Lihatlah! Di lapangan pengadilan, Sambo masih berusaha untuk tampak tegar. Iya, masih berusaha tampak ‘keras dan rasa masih punya kuasa.’ Masih ada tacling-tacling-nya berbekal mantan jendral bintang dua itu. Namun, bukan kah semuanya itu mudah dihadang para penantangnya?

Tataplah pula Ibu Putri Candrawati. Di hari-hari ini, tampak sembab dan keletihan. Bagai candra tertutup awan gemawan. Menjadi striker andalan Tim Sambo memang tak gampang. Masuki ‘stadion pengadilan’ sepertinya tak berbekal spirit kemenangan. Tanpa gairah. Sebatas percaya diri  yang gemetaran. Namun  harus dipaksakan.

“Bergerak sana-sini tembusi pertahanan lawan bukan perkara gampang, Ibu.” Tak mudah untuk  tiba pada gawang para hakim. Demi hanya pastikan untuk satu gol kemenangan nantinya! Tak mudah memang.

“Bagaimana harus menang, Ibu, jika di putaran final pengadilan nyata-nyata sungguh mati gaya hanya  dengan teknik andalan: ‘saya lupa, saya tidak tahu, dan saya sedang tidak enak badan‘?

Dan di hari-hari hanya ada tangis keluh menyayat di hati Sambo. Sungguh terasa perih. Tak terkirakan. “Justice Collaborator”  si Bharada Eliezer itu, tentu bagi Sambo dan Ibu Putri, adalah titik empedu paling pahit. Dan itulah yang mesti diteguk. Tim Sambo dan segala arahan awal yang rapih dan tertata harus jadi kocar-kacir dan berantakan.

Strategi boleh diracik. Penguasaan bola boleh di atas 50 %. Serangan demi serangan boleh dibangun, toh itu tadi, kuasai dan memenangi meja palu hakim nantinya, bukanlah perkara mudah. Dewan hakim yang mulia itu tentu tak ingin cuma disapa ‘mulia.’

Para hakim itu pun lagi berjuang untuk bermulia hati yang seharusnya. Yang berdiri di atas batu karang kebenaran. Mereka lagi pastikan bahwa di arena sidang haram hukumnya untuk tembang “dunia ini panggung sandiwara. Ceritanya mudah berubah.”  Sekiranya Dewan Hakim itu rasa tak sabaran untuk membentak setengah tanya, “Mengapa kita bersandiwara?”

Tetapi, bagaimana pun kebenaran tetaplah kebenaran! Tim Sambo, di hari-hari ini, tengah bertarung dalam kesendiriannya. Tak utuh lagi seperti yang dibayangkan. Setidaknya, itu yang terbaca dari ‘kemarahan dan tak nyamannya Bharada Eliezer yang terpenjara dalam hidup.’ Dan ia ingin akhiri semuanya.
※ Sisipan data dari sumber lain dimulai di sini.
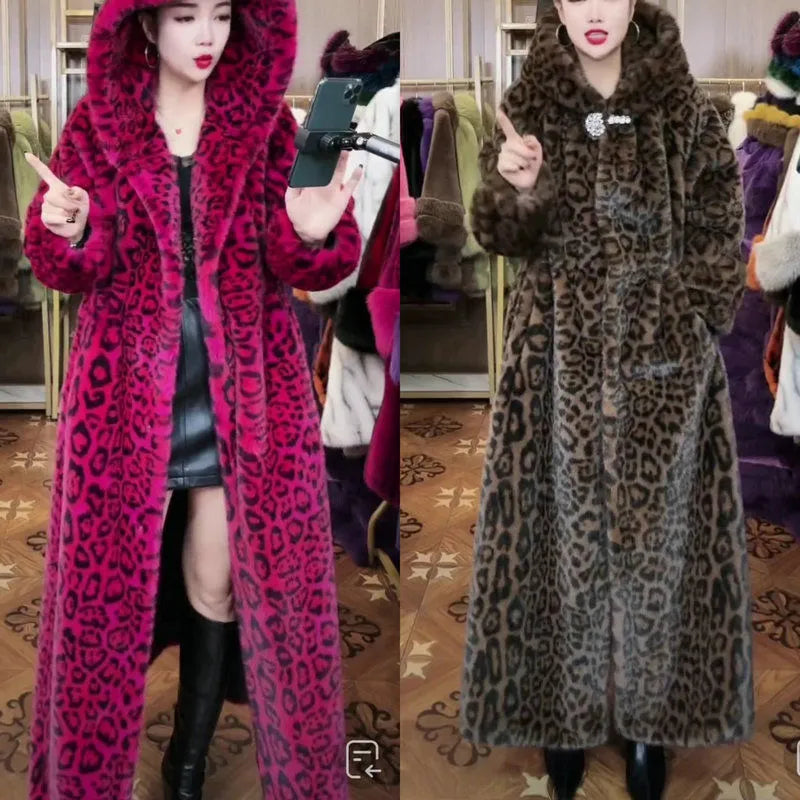 Long brown leopard print faux fur coat on a hanger, showing its loose fit and regular sleeves.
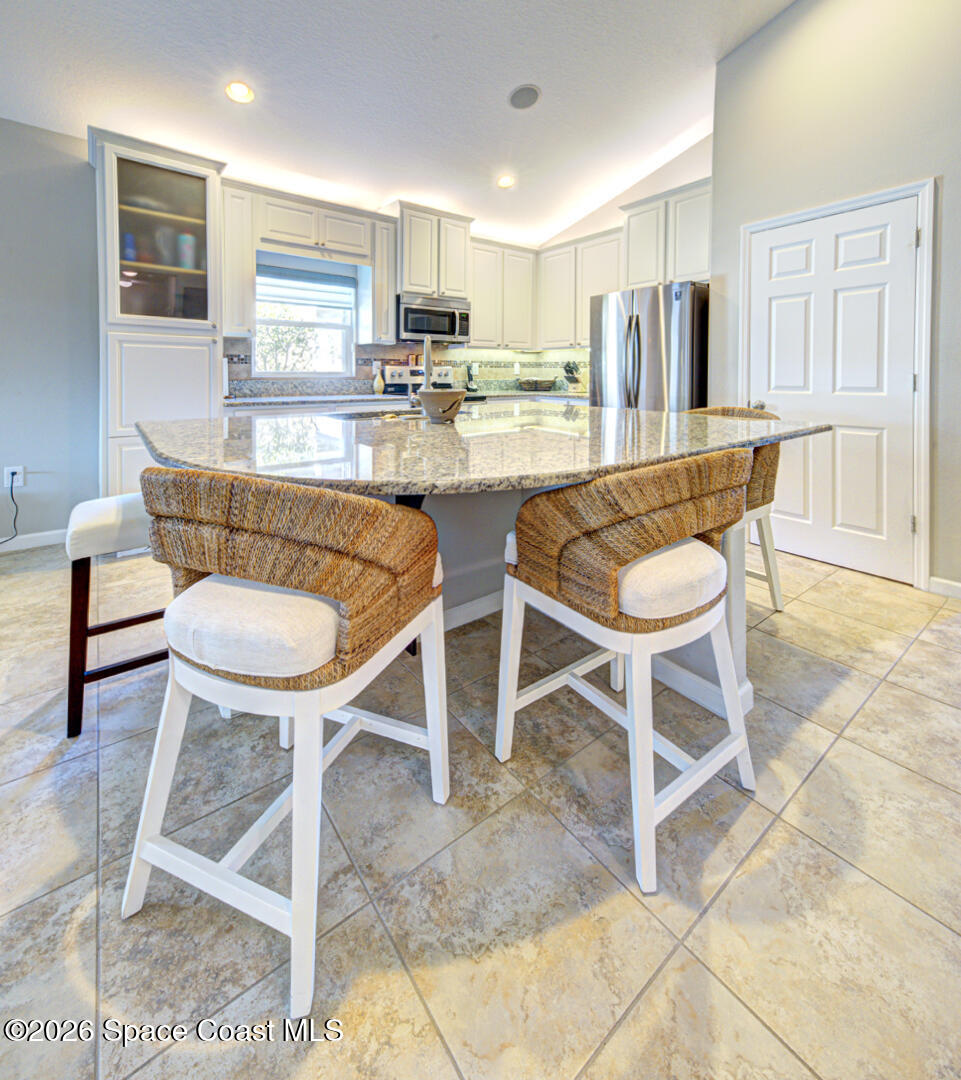 2975 Louetta Circle Melbourne, FL 32901 - Photo 8 of 44 a dining room with stainless steel appliances furniture a dining table and chairs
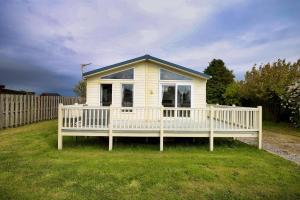 a small white house with a large porch at Southerness Holiday Home Cheri Sleeps 4 Mon-Fri Fri-Mon with Solway Holiday Homes in Mainsriddle
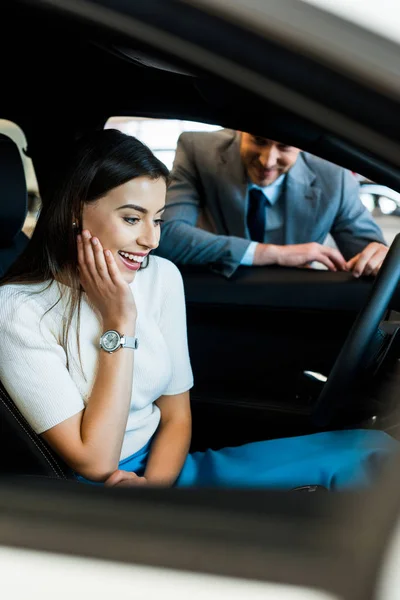 Selective Focus Excited Girl Sitting Car Bearded Man Car Showroom — Stock Photo, Image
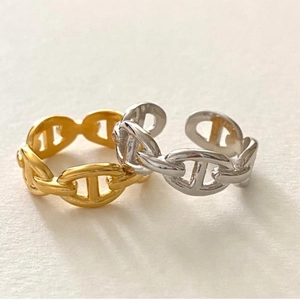Macro shot of silver and gold anchor chain rings with a polished mirror finish detail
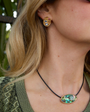 Model wearing gold studs and green cord necklace 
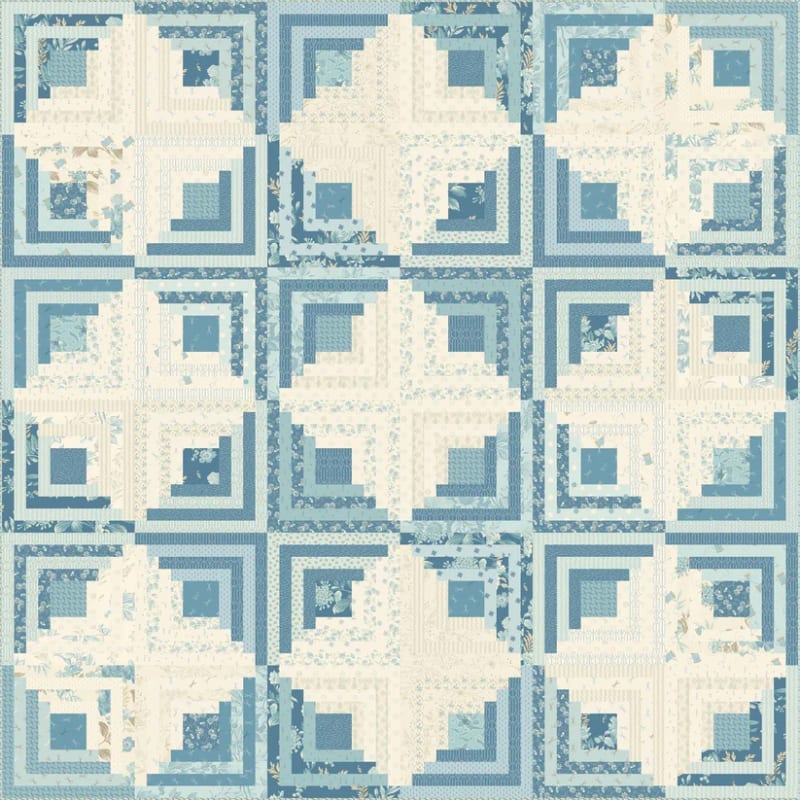 SEWING BIRD: Quilter's Cabin Quilt Pattern by Laundry Basket Quilts shows a traditional log cabin quilt set in tones of cream, and blues..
Di dalam batin nan ceriah. Eliezer memang semula diam dan berkelit. “Namun senyum” dan arwah kakanda dan sahabatnya Brigadir Josua itu, “tetap mengikuti…”

Oh iya, mari kembali pada ke laptop si Messi dan Mbappé. Argentina dan Prancis, berikut dengan masing-masing fans beratnya, lagi siap-siap menuju hari Final di Lusail Stadium itu. Sebab di situ, semuanya mesti berakhir. Di situ, aura sorak-sorai atau tangisan sedih bakal jadi satu keharusan. Tak terhindarkan.

Itulah juga wajah diri kita. Manusiawi dan memang seperti itu sudahlah. Sedih dan gembira, tegar dan rapuh, menang dan kalah adalah keseharian yang membungkus keinsanian.

Entah Messi dkk ataukah Mbappé dkk yang nantinya akan bereforia  dalam nostalgia Ferddie Mercury Queen, “We are the champions, my friends and we’ll keep on fighting till the end…. No time for losers. ‘Cause we are the champions of the World,?

Wah, sekiranya Tim Sambo masih teringat Group Musik Armada? Dan saling bertanya di antara mereka, “Mau dibawa ke mana hubungan kita? Ku tak akan terus jalani. Tanpa ada ikatan pasti…” Toh, Brigadir Nofriansyah Yosua Hutabarat sudah pada pergi. Untuk selamanya. Iya, sejak Jumat, 8 Juli 2022 itu.